The present invention takes advantage of the fact that conventionally, the thickness of the mortar joint is sufficiently large so as to assure the production of a sufficiently strong joint. Thus, the novel protective insert for a nozzle can be employed in already existing casting apparatus.
In summary, according to the present invention, the protective insert or nozzle is in the form of a truncated cone having a through bore or passageway where the conical surface portion of the insert is provided with raised surfaces or ridges having specific dimensions.
By raised surfaces, it is to be understood in the context of the present invention, such elevation, the dimensions of which exceed the normally rough surfaces found on such materials as a result of conventional production procedures and which do not exceed the thickness of the joint or gap which, in the past, has ideally been fully occupied by mortar material.

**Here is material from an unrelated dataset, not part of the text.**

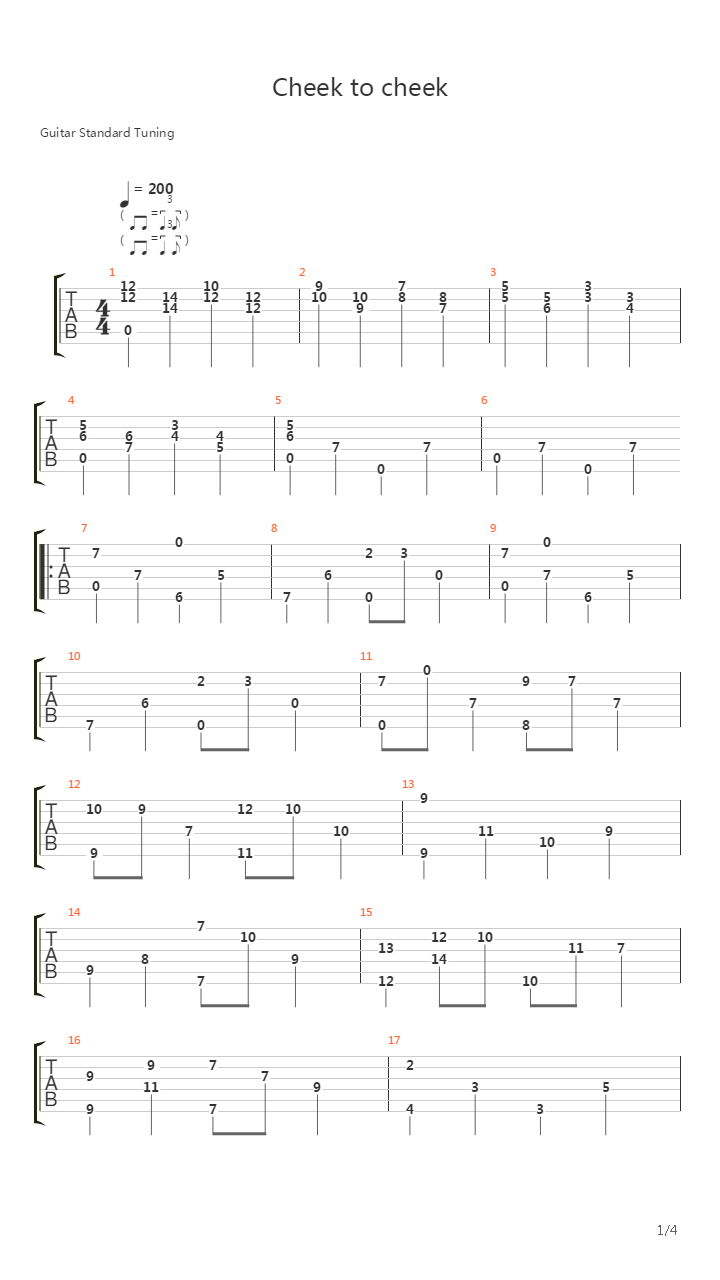 Cheek To Cheek吉他谱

By virtue of the provision of the raised portions, ridges or projections on the exterior surface of the truncated cone, according to the present invention, not only is the application of mortar onto this surface facilitated, but also the proportioning and distribution of the mortar material over the exterior surface of the nozzle is made easier since the spaces between the raised portions will be entirely filled with mortar material. Accumulations of mortar can occur with this arrangement only at a distance greater than the heigth of the projections from the surface of the truncated cone. The adherence of the mortar to the surface of the protective insert provided with the raised surface portion is enhanced which will naturally have an effect on the residual thickness of the mortar layer. This will materially contribute to assuring that the mortar joint, when the elements are assembled, will be completely filled.
One of the chief advantages of the development of the present invention resides in the fact that it now will be possible to properly center the nozzle directly into the outlet passageway of the casting ladle thus minimizing the possibility of uneven expansion of the nozzle insert causing damage to the adjoining elements of the casting ladle.
Thus, according to the present invention, the raised portions or elevations on the surface of the truncated cone of the protective nozzle insert facilitate distribution and proportioning of the mortar over the surface of the insert as well as facilitate carrying of the mortar material into the outlet passageway on the exterior surface of the insert and also serve to assure proper centering of the cone-shaped insert in the outlet opening of the casting ladle. Additionally, it will be noted that these raised surface portions will occupy a portion of the joint volume itself, thus decreasing the danger of perforation or washing out of the mortar material by the molten metal.